• _Exercise details_
Each line below must be printed exactly as it stands.

• _Source information_
- - - -

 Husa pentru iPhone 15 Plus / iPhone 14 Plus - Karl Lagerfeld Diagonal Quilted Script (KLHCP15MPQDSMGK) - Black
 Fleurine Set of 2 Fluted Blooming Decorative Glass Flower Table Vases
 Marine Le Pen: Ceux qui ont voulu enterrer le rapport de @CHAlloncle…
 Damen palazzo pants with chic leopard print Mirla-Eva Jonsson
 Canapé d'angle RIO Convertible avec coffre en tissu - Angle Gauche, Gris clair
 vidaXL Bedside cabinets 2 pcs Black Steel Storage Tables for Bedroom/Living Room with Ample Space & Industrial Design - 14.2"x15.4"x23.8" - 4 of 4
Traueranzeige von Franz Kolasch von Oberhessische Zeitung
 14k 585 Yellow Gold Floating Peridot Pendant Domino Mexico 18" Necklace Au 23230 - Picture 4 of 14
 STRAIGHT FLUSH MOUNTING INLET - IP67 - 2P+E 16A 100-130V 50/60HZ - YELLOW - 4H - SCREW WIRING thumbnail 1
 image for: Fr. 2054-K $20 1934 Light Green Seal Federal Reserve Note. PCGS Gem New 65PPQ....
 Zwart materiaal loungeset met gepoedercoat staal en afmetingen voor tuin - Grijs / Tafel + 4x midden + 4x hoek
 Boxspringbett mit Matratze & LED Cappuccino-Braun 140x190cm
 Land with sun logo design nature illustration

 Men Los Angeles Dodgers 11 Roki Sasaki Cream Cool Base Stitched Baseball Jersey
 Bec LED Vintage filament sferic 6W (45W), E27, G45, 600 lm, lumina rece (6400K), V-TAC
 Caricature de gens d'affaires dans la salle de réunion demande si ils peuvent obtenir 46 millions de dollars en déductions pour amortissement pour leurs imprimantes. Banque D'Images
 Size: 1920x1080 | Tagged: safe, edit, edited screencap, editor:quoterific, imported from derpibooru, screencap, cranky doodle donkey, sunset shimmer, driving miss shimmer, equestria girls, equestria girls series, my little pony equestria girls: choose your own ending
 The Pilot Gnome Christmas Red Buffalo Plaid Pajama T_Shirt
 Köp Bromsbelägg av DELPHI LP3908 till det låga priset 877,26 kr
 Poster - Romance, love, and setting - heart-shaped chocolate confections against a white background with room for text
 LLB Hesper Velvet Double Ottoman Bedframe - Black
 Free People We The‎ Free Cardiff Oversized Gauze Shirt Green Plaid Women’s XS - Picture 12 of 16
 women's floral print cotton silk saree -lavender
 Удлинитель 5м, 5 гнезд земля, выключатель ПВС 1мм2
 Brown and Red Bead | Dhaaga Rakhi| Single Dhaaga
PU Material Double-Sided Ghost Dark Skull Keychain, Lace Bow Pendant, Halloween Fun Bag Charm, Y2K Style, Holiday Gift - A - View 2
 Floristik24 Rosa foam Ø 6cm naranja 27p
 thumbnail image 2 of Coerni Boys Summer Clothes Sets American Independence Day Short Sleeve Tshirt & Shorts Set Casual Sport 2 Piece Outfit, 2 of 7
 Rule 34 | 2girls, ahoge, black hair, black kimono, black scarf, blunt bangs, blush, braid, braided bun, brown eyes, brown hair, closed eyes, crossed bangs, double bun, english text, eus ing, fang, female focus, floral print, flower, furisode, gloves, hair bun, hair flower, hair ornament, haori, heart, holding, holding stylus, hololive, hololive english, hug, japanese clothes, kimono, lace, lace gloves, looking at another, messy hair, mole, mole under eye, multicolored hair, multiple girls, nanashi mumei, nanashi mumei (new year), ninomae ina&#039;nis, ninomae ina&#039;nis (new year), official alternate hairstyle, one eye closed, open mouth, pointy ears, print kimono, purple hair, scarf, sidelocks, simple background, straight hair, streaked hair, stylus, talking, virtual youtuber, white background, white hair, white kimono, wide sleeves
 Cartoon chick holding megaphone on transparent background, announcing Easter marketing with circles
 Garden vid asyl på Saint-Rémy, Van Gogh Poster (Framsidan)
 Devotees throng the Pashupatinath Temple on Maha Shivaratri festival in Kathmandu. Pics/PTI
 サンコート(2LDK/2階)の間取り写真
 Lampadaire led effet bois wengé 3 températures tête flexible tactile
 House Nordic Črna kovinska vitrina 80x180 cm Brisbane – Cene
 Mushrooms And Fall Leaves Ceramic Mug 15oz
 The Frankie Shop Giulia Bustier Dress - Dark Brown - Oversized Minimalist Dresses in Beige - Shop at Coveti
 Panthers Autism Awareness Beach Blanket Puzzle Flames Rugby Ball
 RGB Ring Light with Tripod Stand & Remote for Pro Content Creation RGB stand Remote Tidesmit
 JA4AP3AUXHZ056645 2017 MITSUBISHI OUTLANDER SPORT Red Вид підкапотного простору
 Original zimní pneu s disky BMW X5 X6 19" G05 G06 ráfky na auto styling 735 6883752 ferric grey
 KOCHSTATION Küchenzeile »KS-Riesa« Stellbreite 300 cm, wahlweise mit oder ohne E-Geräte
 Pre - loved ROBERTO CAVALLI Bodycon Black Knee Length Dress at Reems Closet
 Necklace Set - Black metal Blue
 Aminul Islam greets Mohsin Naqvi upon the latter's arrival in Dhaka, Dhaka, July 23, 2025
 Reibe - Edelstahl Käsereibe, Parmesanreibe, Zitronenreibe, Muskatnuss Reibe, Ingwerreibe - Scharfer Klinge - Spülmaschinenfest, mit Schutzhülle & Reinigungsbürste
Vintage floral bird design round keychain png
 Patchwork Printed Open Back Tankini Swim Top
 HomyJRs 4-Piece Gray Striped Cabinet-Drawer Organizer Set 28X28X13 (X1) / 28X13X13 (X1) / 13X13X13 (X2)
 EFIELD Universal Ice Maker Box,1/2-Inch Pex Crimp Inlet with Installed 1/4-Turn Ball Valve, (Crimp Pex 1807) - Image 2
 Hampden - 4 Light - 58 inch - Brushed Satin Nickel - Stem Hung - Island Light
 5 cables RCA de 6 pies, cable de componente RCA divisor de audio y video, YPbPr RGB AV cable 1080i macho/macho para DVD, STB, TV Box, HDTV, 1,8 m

- - - -

• _Response for this exercise_
 Husa pentru iPhone 15 Plus / iPhone 14 Plus - Karl Lagerfeld Diagonal Quilted Script (KLHCP15MPQDSMGK) - Black
 Fleurine Set of 2 Fluted Blooming Decorative Glass Flower Table Vases
 Marine Le Pen: Ceux qui ont voulu enterrer le rapport de @CHAlloncle…
 Damen palazzo pants with chic leopard print Mirla-Eva Jonsson
 Canapé d'angle RIO Convertible avec coffre en tissu - Angle Gauche, Gris clair
 vidaXL Bedside cabinets 2 pcs Black Steel Storage Tables for Bedroom/Living Room with Ample Space & Industrial Design - 14.2"x15.4"x23.8" - 4 of 4
Traueranzeige von Franz Kolasch von Oberhessische Zeitung
 14k 585 Yellow Gold Floating Peridot Pendant Domino Mexico 18" Necklace Au 23230 - Picture 4 of 14
 STRAIGHT FLUSH MOUNTING INLET - IP67 - 2P+E 16A 100-130V 50/60HZ - YELLOW - 4H - SCREW WIRING thumbnail 1
 image for: Fr. 2054-K $20 1934 Light Green Seal Federal Reserve Note. PCGS Gem New 65PPQ....
 Zwart materiaal loungeset met gepoedercoat staal en afmetingen voor tuin - Grijs / Tafel + 4x midden + 4x hoek
 Boxspringbett mit Matratze & LED Cappuccino-Braun 140x190cm
 Land with sun logo design nature illustration

 Men Los Angeles Dodgers 11 Roki Sasaki Cream Cool Base Stitched Baseball Jersey
 Bec LED Vintage filament sferic 6W (45W), E27, G45, 600 lm, lumina rece (6400K), V-TAC
 Caricature de gens d'affaires dans la salle de réunion demande si ils peuvent obtenir 46 millions de dollars en déductions pour amortissement pour leurs imprimantes. Banque D'Images
 Size: 1920x1080 | Tagged: safe, edit, edited screencap, editor:quoterific, imported from derpibooru, screencap, cranky doodle donkey, sunset shimmer, driving miss shimmer, equestria girls, equestria girls series, my little pony equestria girls: choose your own ending
 The Pilot Gnome Christmas Red Buffalo Plaid Pajama T_Shirt
 Köp Bromsbelägg av DELPHI LP3908 till det låga priset 877,26 kr
 Poster - Romance, love, and setting - heart-shaped chocolate confections against a white background with room for text
 LLB Hesper Velvet Double Ottoman Bedframe - Black
 Free People We The‎ Free Cardiff Oversized Gauze Shirt Green Plaid Women’s XS - Picture 12 of 16
 women's floral print cotton silk saree -lavender
 Удлинитель 5м, 5 гнезд земля, выключатель ПВС 1мм2
 Brown and Red Bead | Dhaaga Rakhi| Single Dhaaga
PU Material Double-Sided Ghost Dark Skull Keychain, Lace Bow Pendant, Halloween Fun Bag Charm, Y2K Style, Holiday Gift - A - View 2
 Floristik24 Rosa foam Ø 6cm naranja 27p
 thumbnail image 2 of Coerni Boys Summer Clothes Sets American Independence Day Short Sleeve Tshirt & Shorts Set Casual Sport 2 Piece Outfit, 2 of 7
 Rule 34 | 2girls, ahoge, black hair, black kimono, black scarf, blunt bangs, blush, braid, braided bun, brown eyes, brown hair, closed eyes, crossed bangs, double bun, english text, eus ing, fang, female focus, floral print, flower, furisode, gloves, hair bun, hair flower, hair ornament, haori, heart, holding, holding stylus, hololive, hololive english, hug, japanese clothes, kimono, lace, lace gloves, looking at another, messy hair, mole, mole under eye, multicolored hair, multiple girls, nanashi mumei, nanashi mumei (new year), ninomae ina&#039;nis, ninomae ina&#039;nis (new year), official alternate hairstyle, one eye closed, open mouth, pointy ears, print kimono, purple hair, scarf, sidelocks, simple background, straight hair, streaked hair, stylus, talking, virtual youtuber, white background, white hair, white kimono, wide sleeves
 Cartoon chick holding megaphone on transparent background, announcing Easter marketing with circles
 Garden vid asyl på Saint-Rémy, Van Gogh Poster (Framsidan)
 Devotees throng the Pashupatinath Temple on Maha Shivaratri festival in Kathmandu. Pics/PTI
 サンコート(2LDK/2階)の間取り写真
 Lampadaire led effet bois wengé 3 températures tête flexible tactile
 House Nordic Črna kovinska vitrina 80x180 cm Brisbane – Cene
 Mushrooms And Fall Leaves Ceramic Mug 15oz
 The Frankie Shop Giulia Bustier Dress - Dark Brown - Oversized Minimalist Dresses in Beige - Shop at Coveti
 Panthers Autism Awareness Beach Blanket Puzzle Flames Rugby Ball
 RGB Ring Light with Tripod Stand & Remote for Pro Content Creation RGB stand Remote Tidesmit
 JA4AP3AUXHZ056645 2017 MITSUBISHI OUTLANDER SPORT Red Вид підкапотного простору
 Original zimní pneu s disky BMW X5 X6 19" G05 G06 ráfky na auto styling 735 6883752 ferric grey
 KOCHSTATION Küchenzeile »KS-Riesa« Stellbreite 300 cm, wahlweise mit oder ohne E-Geräte
 Pre - loved ROBERTO CAVALLI Bodycon Black Knee Length Dress at Reems Closet
 Necklace Set - Black metal Blue
 Aminul Islam greets Mohsin Naqvi upon the latter's arrival in Dhaka, Dhaka, July 23, 2025
 Reibe - Edelstahl Käsereibe, Parmesanreibe, Zitronenreibe, Muskatnuss Reibe, Ingwerreibe - Scharfer Klinge - Spülmaschinenfest, mit Schutzhülle & Reinigungsbürste
Vintage floral bird design round keychain png
 Patchwork Printed Open Back Tankini Swim Top
 HomyJRs 4-Piece Gray Striped Cabinet-Drawer Organizer Set 28X28X13 (X1) / 28X13X13 (X1) / 13X13X13 (X2)
 EFIELD Universal Ice Maker Box,1/2-Inch Pex Crimp Inlet with Installed 1/4-Turn Ball Valve, (Crimp Pex 1807) - Image 2
 Hampden - 4 Light - 58 inch - Brushed Satin Nickel - Stem Hung - Island Light
 5 cables RCA de 6 pies, cable de componente RCA divisor de audio y video, YPbPr RGB AV cable 1080i macho/macho para DVD, STB, TV Box, HDTV, 1,8 m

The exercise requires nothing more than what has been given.